(DATA RECORDS begins)

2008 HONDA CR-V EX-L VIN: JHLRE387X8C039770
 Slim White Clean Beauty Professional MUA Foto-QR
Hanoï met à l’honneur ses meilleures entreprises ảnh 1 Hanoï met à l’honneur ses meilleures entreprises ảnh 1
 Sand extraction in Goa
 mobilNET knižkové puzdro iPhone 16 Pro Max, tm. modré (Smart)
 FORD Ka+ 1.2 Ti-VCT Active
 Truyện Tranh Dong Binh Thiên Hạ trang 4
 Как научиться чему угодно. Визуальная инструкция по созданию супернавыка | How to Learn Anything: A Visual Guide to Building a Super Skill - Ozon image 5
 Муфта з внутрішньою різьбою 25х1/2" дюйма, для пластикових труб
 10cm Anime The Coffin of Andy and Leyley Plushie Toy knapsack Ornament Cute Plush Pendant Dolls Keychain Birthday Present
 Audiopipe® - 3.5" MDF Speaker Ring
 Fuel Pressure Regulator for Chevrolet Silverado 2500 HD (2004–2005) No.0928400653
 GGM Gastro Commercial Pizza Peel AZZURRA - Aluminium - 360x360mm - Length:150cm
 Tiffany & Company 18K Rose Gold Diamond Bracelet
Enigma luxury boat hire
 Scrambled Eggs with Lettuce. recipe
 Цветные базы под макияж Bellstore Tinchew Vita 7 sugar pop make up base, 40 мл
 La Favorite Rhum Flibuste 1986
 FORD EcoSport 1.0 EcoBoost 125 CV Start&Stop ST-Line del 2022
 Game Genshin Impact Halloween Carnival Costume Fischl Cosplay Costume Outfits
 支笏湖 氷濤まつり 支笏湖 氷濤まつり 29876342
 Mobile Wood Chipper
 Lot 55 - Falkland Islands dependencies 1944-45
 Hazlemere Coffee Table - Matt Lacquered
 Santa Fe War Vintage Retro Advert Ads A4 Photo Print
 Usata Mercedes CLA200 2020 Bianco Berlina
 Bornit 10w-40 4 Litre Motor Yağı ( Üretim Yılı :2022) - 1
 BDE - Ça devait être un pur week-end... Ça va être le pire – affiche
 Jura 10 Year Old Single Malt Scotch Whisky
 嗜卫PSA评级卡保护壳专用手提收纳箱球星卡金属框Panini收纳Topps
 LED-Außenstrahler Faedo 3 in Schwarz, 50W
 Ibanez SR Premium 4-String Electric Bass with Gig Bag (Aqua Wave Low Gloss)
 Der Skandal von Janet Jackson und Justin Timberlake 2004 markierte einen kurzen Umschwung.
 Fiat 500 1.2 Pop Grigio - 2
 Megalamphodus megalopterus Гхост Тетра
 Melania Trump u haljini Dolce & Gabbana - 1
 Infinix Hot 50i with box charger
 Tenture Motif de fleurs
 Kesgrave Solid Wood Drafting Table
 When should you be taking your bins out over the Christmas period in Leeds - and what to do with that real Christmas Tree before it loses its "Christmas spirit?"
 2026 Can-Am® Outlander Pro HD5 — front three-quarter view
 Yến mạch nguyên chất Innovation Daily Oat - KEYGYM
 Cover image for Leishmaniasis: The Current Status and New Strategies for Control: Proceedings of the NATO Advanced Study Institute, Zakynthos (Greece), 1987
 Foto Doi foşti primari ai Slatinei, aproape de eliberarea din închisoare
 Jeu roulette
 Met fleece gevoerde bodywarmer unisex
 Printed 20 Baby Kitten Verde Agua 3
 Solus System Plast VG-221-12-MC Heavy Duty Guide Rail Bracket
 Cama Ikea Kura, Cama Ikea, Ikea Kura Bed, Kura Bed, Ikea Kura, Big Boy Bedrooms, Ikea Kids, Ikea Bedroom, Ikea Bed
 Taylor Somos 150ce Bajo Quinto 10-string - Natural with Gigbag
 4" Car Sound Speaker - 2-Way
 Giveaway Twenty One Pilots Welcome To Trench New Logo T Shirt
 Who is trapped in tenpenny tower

(DATA RECORDS ends)

# ABOUT THIS EXERCISE
Retype exactly the lines of the data above that fall between the line with "Tenture Motif de fleurs" and the line with "Speaker - 2-Way", inclusive, and add nothing.

# RESULT OF THE EXERCISE
 Tenture Motif de fleurs
 Kesgrave Solid Wood Drafting Table
 When should you be taking your bins out over the Christmas period in Leeds - and what to do with that real Christmas Tree before it loses its "Christmas spirit?"
 2026 Can-Am® Outlander Pro HD5 — front three-quarter view
 Yến mạch nguyên chất Innovation Daily Oat - KEYGYM
 Cover image for Leishmaniasis: The Current Status and New Strategies for Control: Proceedings of the NATO Advanced Study Institute, Zakynthos (Greece), 1987
 Foto Doi foşti primari ai Slatinei, aproape de eliberarea din închisoare
 Jeu roulette
 Met fleece gevoerde bodywarmer unisex
 Printed 20 Baby Kitten Verde Agua 3
 Solus System Plast VG-221-12-MC Heavy Duty Guide Rail Bracket
 Cama Ikea Kura, Cama Ikea, Ikea Kura Bed, Kura Bed, Ikea Kura, Big Boy Bedrooms, Ikea Kids, Ikea Bedroom, Ikea Bed
 Taylor Somos 150ce Bajo Quinto 10-string - Natural with Gigbag
 4" Car Sound Speaker - 2-Way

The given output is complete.